Records for the exercise>
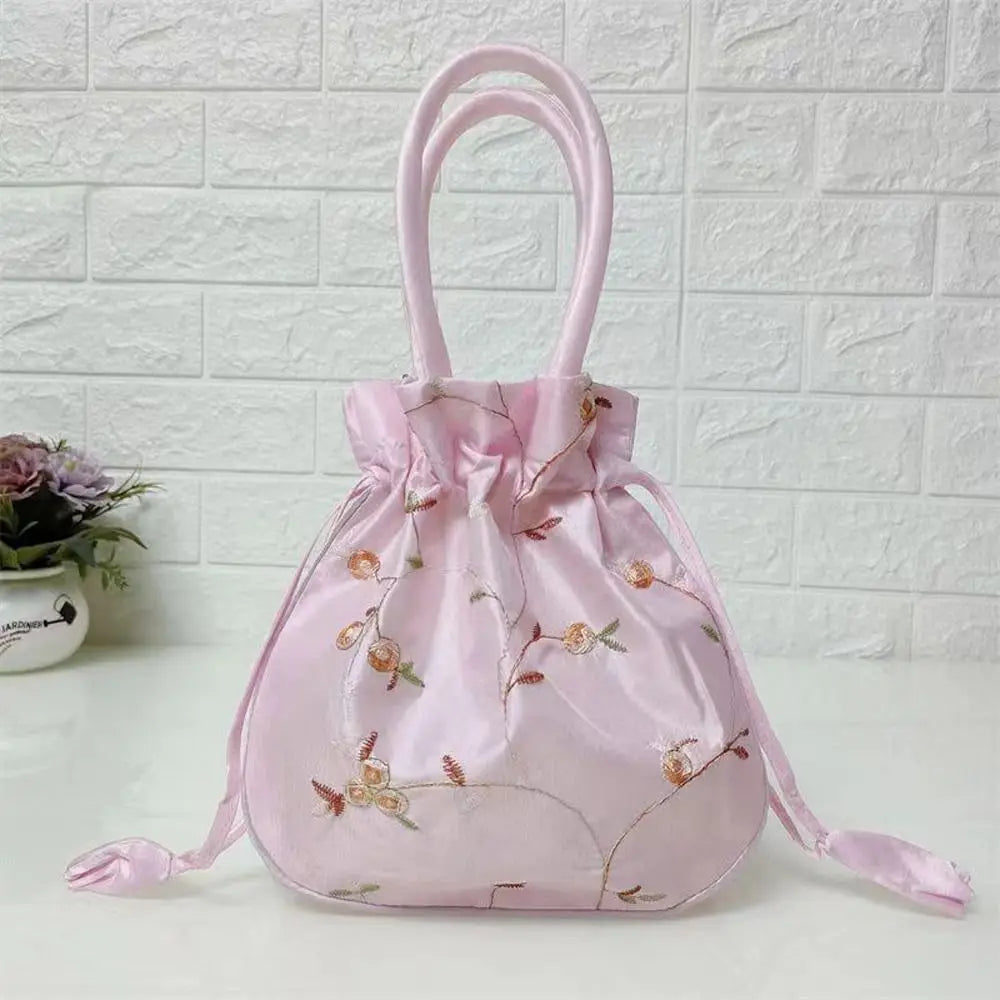 FloraCharm Embroidered Drawstring Cosmetic & Jewelry Bag – Small Hanfu Style Handbagg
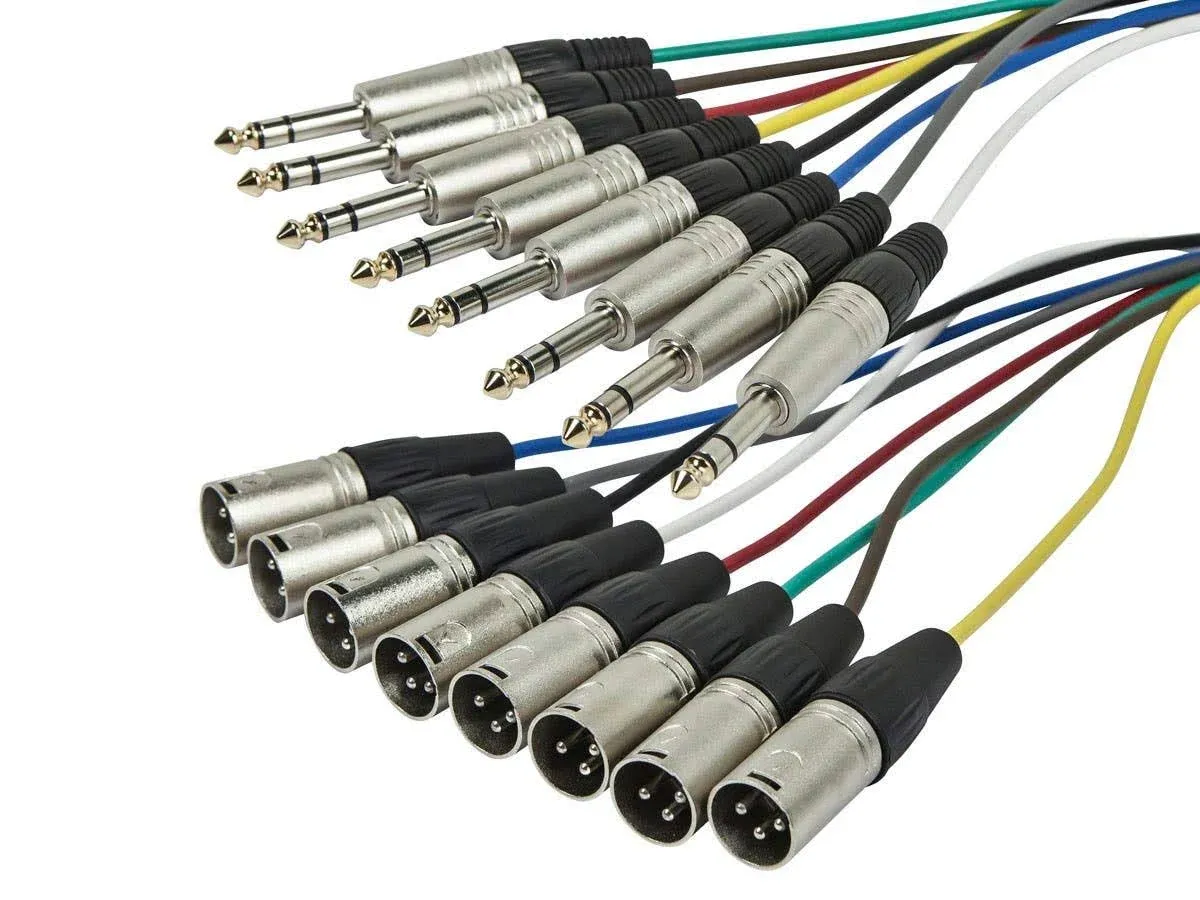 Monoprice 3 Meter (10ft) 8-Channel 1/4Inch TRS male to XLR male Snake Cable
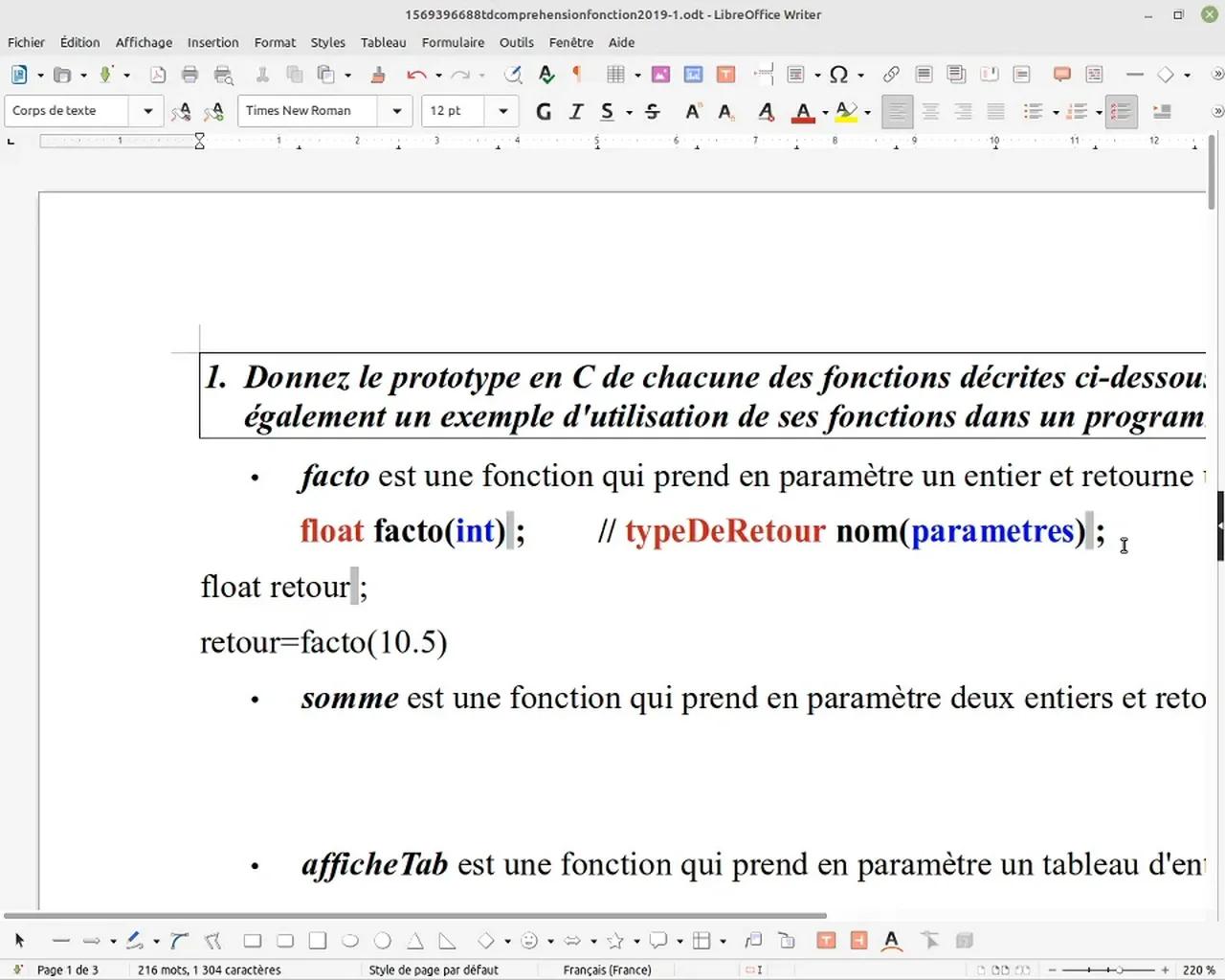 correction TD2 sur les fonctions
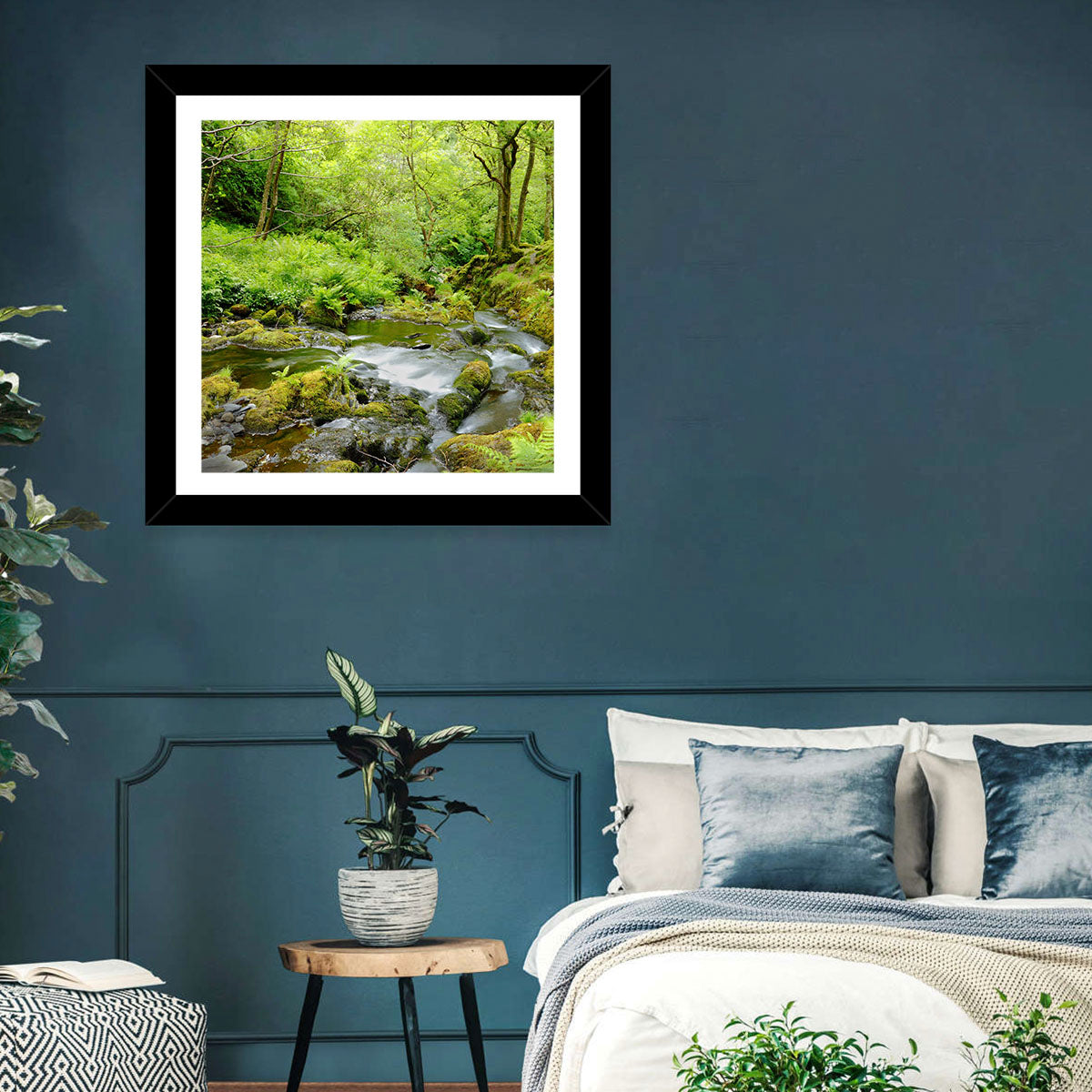 Mossy Stream Through Forest Wall Art in a room, landscape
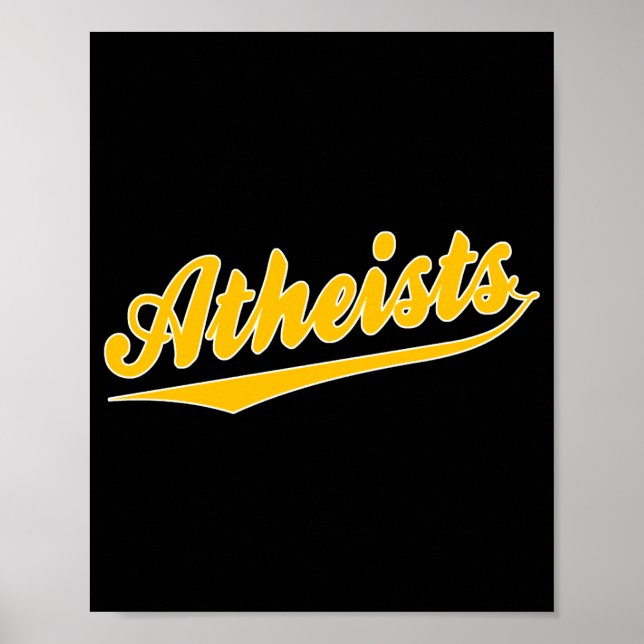 Baseboll stil lag ateist t-shirt  poster (Framsidan)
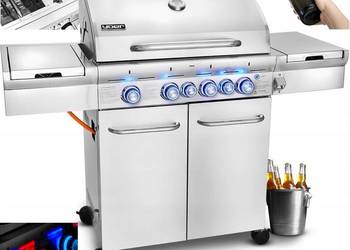 Grill gazowy Ogrodowy ŻELIWNY nierdzewny 4+2 Yoer 21,15 kW +szafka na butlę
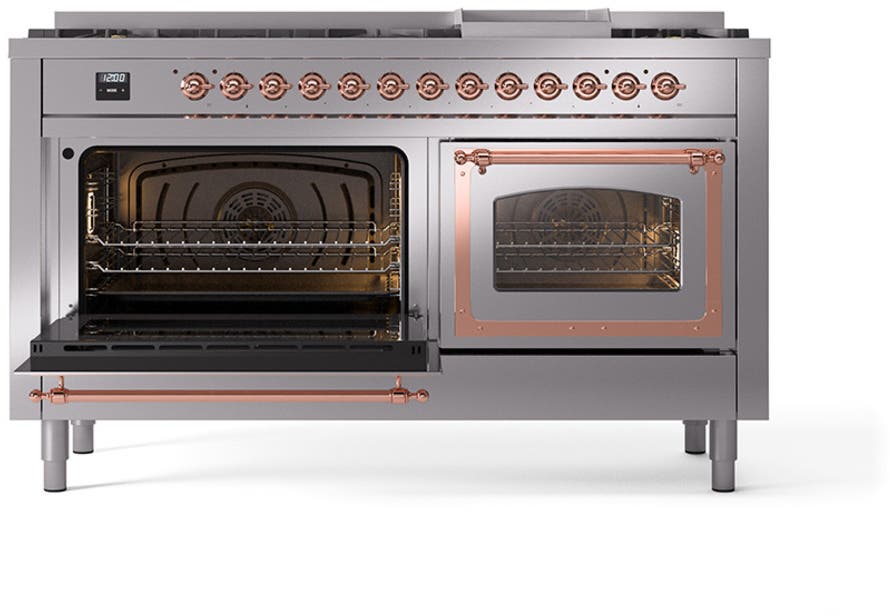 Ilve UN60FNMPSSPLP Stainless Steel With Copper Knobs, Liquid Propane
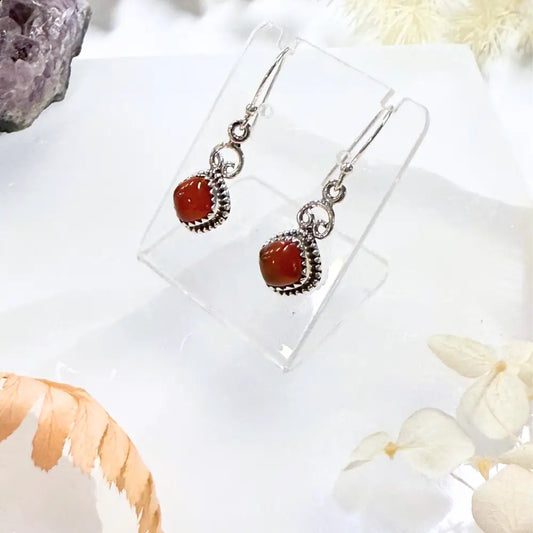 Carnelian Silver Earrings Earrings
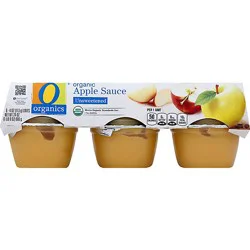 O Organics Organic Apple Sauce Unsweetened Cups - 6-4 Oz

Task statement>
With the pictures left out, output the lines from the one containing "Ilve UN60FNMPSSPLP Stainless" through the last line of the records above, exactly as they are.

Answer box>
 Ilve UN60FNMPSSPLP Stainless Steel With Copper Knobs, Liquid Propane
 Carnelian Silver Earrings Earrings
 O Organics Organic Apple Sauce Unsweetened Cups - 6-4 Oz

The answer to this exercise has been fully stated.